Pavel Bém est l’un des investigateurs de cet amendement. Membre du parti civique démocrate (ODS), il avait un temps participé à la commission gouvernementale anti-narcotique en sa qualité de médecin. Il se réjouit de cette interdiction au nom de « la protection de la jeunesse ». Cependant, Pavel Bém reconnaît qu’allonger la liste des stupéfiants illégaux ne résout en aucun cas le problème. Les chimistes des organisations qui gèrent cette production ont ainsi jusqu’à fin avril pour mettre à profit leur imagination et réinventer des substances qui ne tomberont pas sous le coup de la loi. Au ministère de la Santé, c’est le processus législatif qui est incriminé, jugé trop long. On y prépare donc une réforme afin de permettre au ministère de décréter directement l’interdiction de tel ou tel produit.

Directeur de la Centrale anti-drogue, Jakub Frydrych va plus loin dans la critique de ce texte :

« Il me semble que cet amendement passe à côté de l’important. Tout le monde dans le processus législatif se rend bien compte du besoin pressant d’un changement d’orientation. Ces substances sont aptes à contourner le système pénal tchèque. »

De nombreux sénateurs eux-mêmes savent que ces nouvelles règlementations ne sont pas efficaces pour lutter contre les réseaux de trafiquants de drogue. C’est le cas du sénateur ODS Přemysl Sobotka, qui pointe du doigt « certains pays » qu’il se refuse à nommer et où les laboratoires clandestins seraient peu inquiétés.

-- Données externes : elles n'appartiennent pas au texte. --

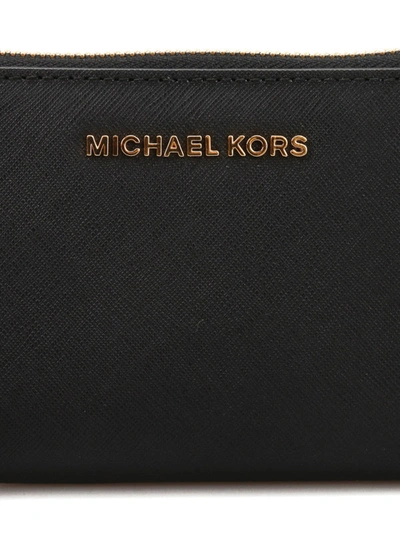 Shop Michael Kors Jet Set Travel Wallet In Black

Son collègue du parti d’opposition ČSSD (social-démocratie) Vladimír Dryml se demande, lui, pourquoi l’hygiène publique et l’Inspection tchèque des commerces ne sont pas plus impliquées dans la prévention des risques que présentent ces drogues et dans le suivi et le contrôle de ces magasins spécialisés.

A noter enfin que cette mesure permet de respecter le droit européen puisque certains produits concernés, tels que la méphédrone, relativement populaire en Tchéquie sous le nom de « mňau-mňau » (« mniaou-mniaou » en français), ont été interdits en décembre 2010 dans toute l’Union européenne.